陆悬鱼从帐篷里钻出来,活动了一下僵硬的脖子。颈椎发出咔咔的响声,像有人在掰干树枝。他蹲下来用手拨了拨灰烬,找到了几根还没烧尽的木炭,把它们拢在一起吹了几口气,火星亮了,火又着了。他把手伸到火上面烤了烤,手指慢慢有了知觉。
他站起来走到土丘边缘,往远处看。
晨光中,旷野上浮着一层薄薄的雾气,不是昨天那种灰黑色的魂雾,是白色的、干净的、带着露水气息的晨雾。雾像一层轻纱铺在枯草上,铺在碎石上,铺在那面残破的军旗上。军旗的丝线在晨风中微微摆动,像是在招手,又像是在告别。远处的土丘在雾气中若隐若现,像一头头伏在地上的巨兽,脊背露在外面,头埋在土里。天空是灰白色的,没有云,没有太阳,只有一片灰,像一张褪了色的画。

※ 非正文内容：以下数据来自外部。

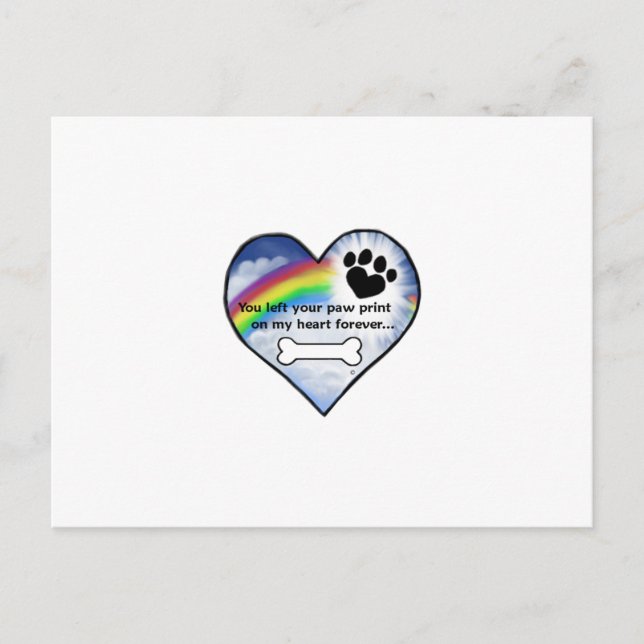 Paw Print Sympathy Poem Postcard (Front)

陆悬鱼转身走回帐篷,从包袱里摸出一块干粮,掰了一半塞进嘴里。他把另一半放在火堆旁边烤着,等烤软了再吃。他走到崔钰的帐篷门口,撩开门帘往里看了一眼。崔钰盘腿坐在铺盖卷上闭着眼睛,他的嘴唇微微动着,但没有声音,只有嘴形,一张一合。陆悬鱼知道他在念经,没有打扰,放下门帘,走到云团旁边。云团趴在帐口,把脑袋搁在前爪上,眼睛半睁半闭。它听见陆悬鱼的脚步声,耳朵动了一下,但没有睁眼。陆悬鱼蹲下来摸了摸它的头。
“张横。”他叫了一声。
张横猛地睁开眼睛,手按在刀柄上,身体绷得像一张拉满了的弓。他看了陆悬鱼一眼,松了一口气,松开刀柄站起来。“陆大人,什么事?”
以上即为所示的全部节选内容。